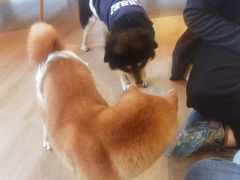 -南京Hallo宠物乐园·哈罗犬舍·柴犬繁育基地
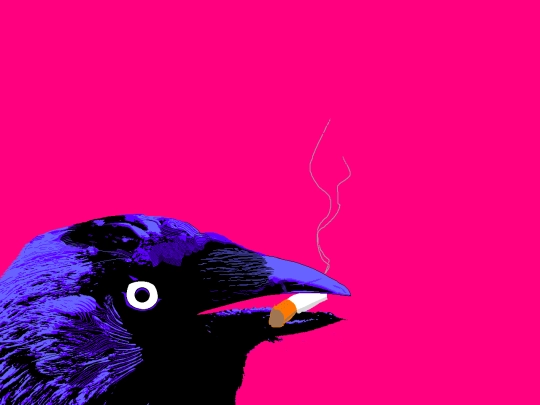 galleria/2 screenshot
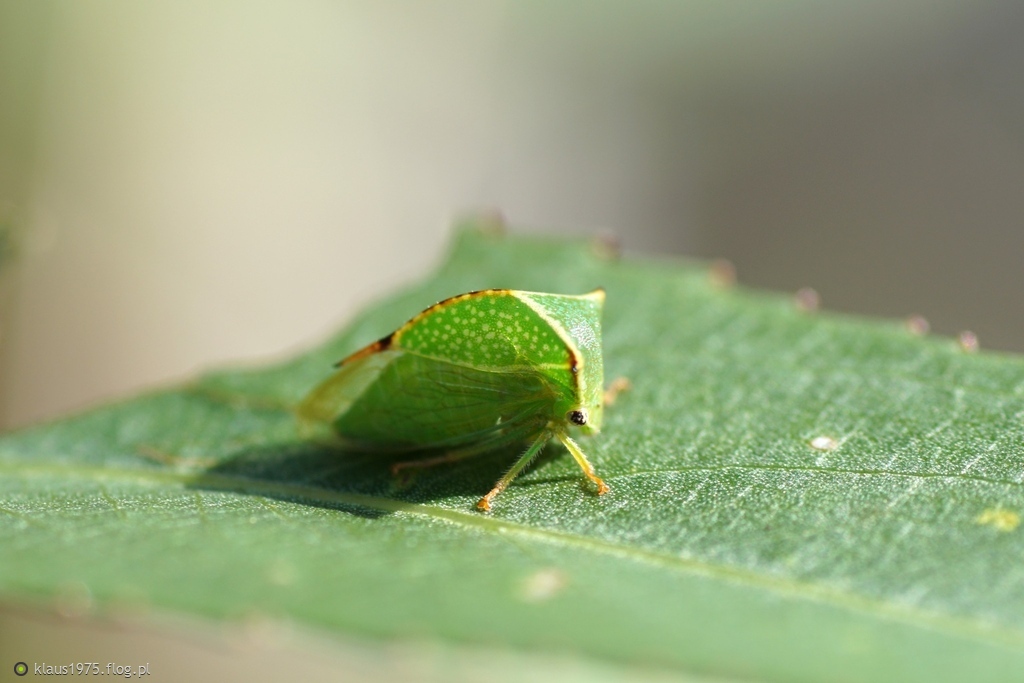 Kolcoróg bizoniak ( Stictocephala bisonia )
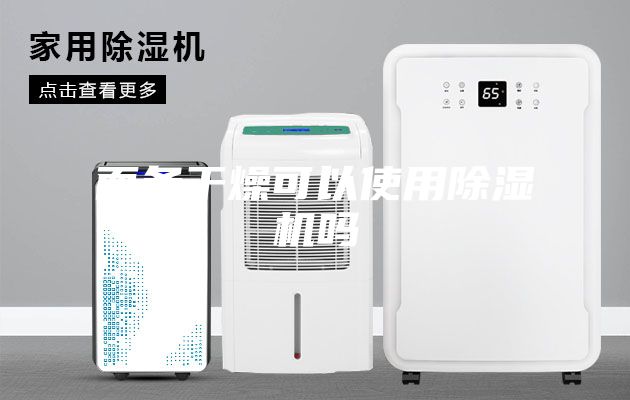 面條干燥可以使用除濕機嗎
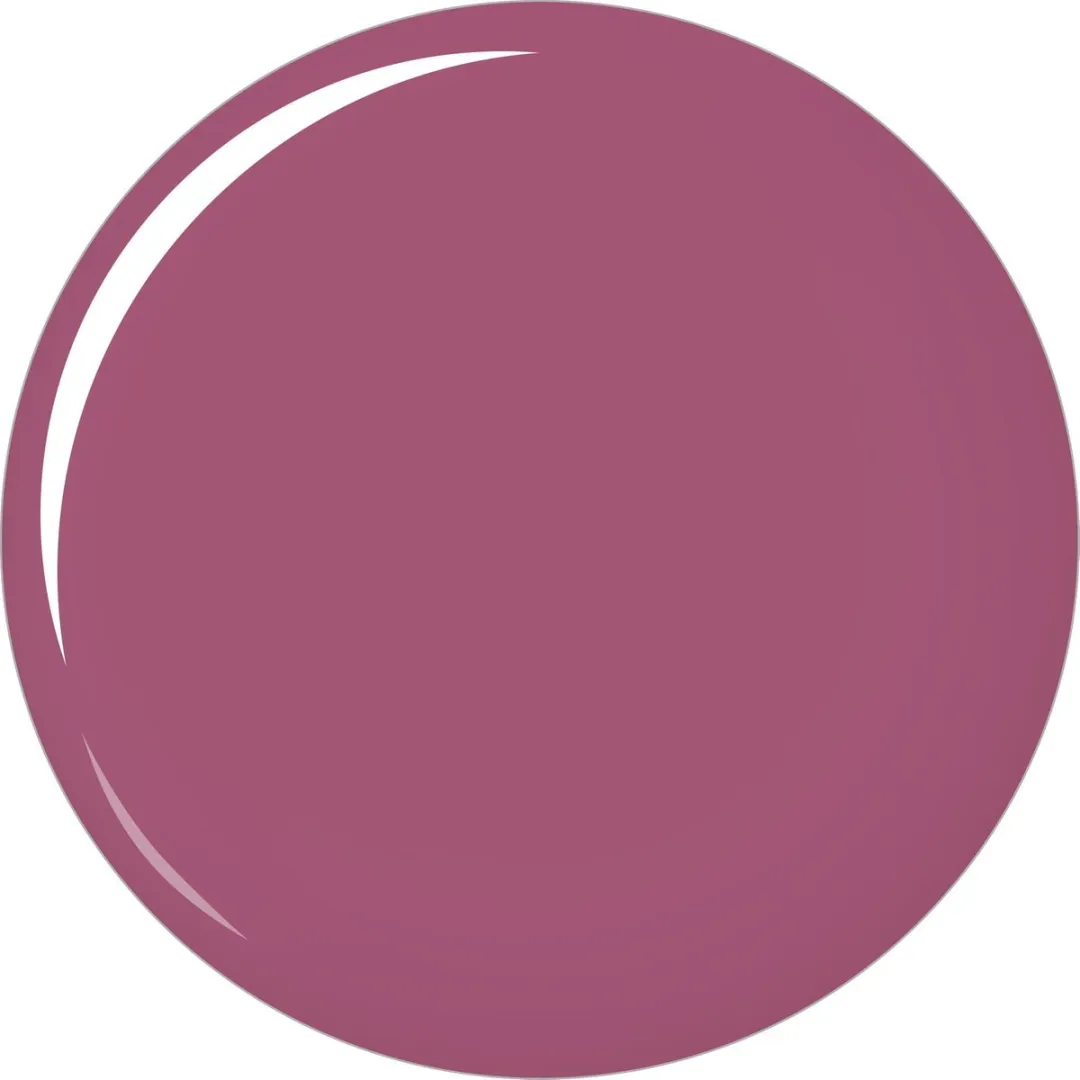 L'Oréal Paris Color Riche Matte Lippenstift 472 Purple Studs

━━━━

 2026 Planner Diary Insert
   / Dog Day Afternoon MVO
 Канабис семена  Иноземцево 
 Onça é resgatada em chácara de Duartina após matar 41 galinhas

━━━━

» EXERCISE INSTRUCTIONS
Beginning with the line above that contains "Day Afternoon MVO", copy each line exactly up to and including the line that contains "Onça é resgatada", and go no further.

» RESPONSE AREA
   / Dog Day Afternoon MVO
 Канабис семена  Иноземцево 
 Onça é resgatada em chácara de Duartina após matar 41 galinhas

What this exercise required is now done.